FinCEN, the Financial Crimes Enforcement Network, is a U.S. Department of Treasury bureau responsible for protecting the financial system and promoting national security through financial intelligence.

What is the meaning of corporate transparency?

Corporate transparency refers to how companies openly disclose information about their operations and financials.

What does “Company Applicants” mean?

“Company applicants” file the required documents with a state or federal agency such as the secretary of state.

How does the BOI report benefit small business owners?

The BOI report enhances the integrity of the business environment, potentially reducing fraud and making it easier for small businesses to establish trust with banks, investors, and partners.

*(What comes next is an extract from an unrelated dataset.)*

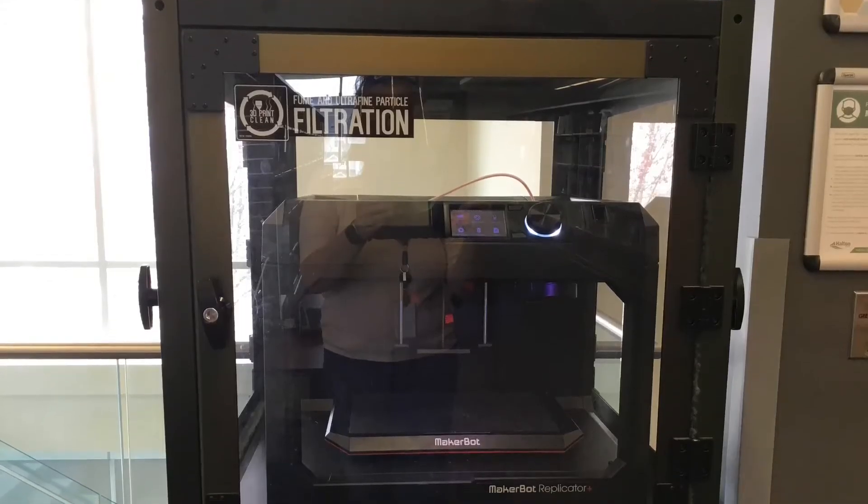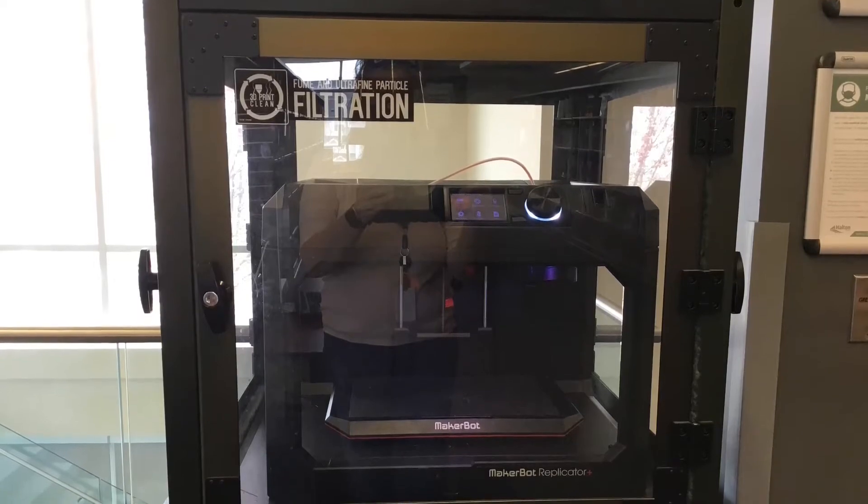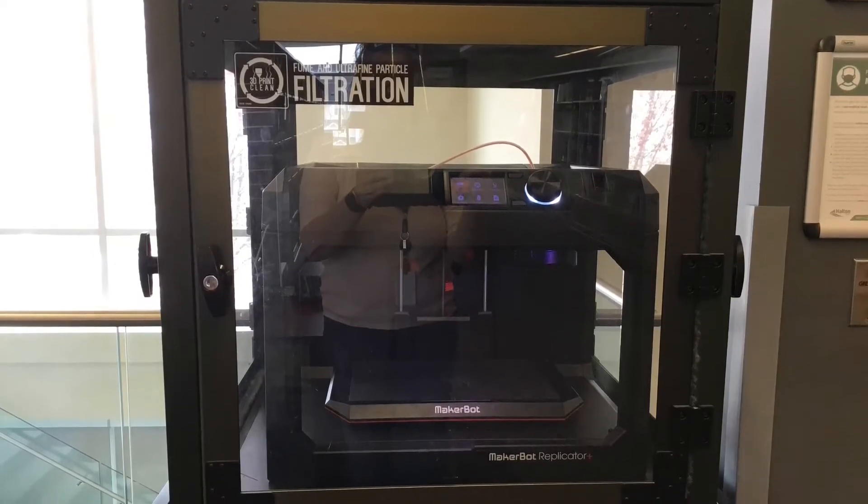The 3D printer is on the second floor of the main library near the computer stations. It is a MakerBot Replicator Plus. The 3D printer uses a PLA filament, a non-toxic plastic that is derived from plants.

Is there a way to correct errors in a submitted BOI report?

If errors are discovered in a submitted BOI report, the reporting entity can file a correction through the FinCEN e-filing platform by selecting the “Correct Prior Report” option.

Do sole proprietorships or general partnerships need to file BOI reports?

No, those entity types are exempt from the reporting requirement.

Is my BOI report information secure?

FinCEN stores the information in a secure, non-public database accessible only by authorized law enforcement agencies, intelligence agencies, and certain financial institutions.

What is a beneficial owner?

A beneficial owner is an individual who, directly or indirectly, owns or controls 25% of the ownership interests of a reporting company. It can also be someone who exercises substantial control over the entity, regardless of ownership interests.

What is the difference between a foreign reporting company and a domestic reporting company?

A foreign reporting company is formed or registered under the laws of a foreign country, while a domestic reporting company is formed or registered under United States federal or state law.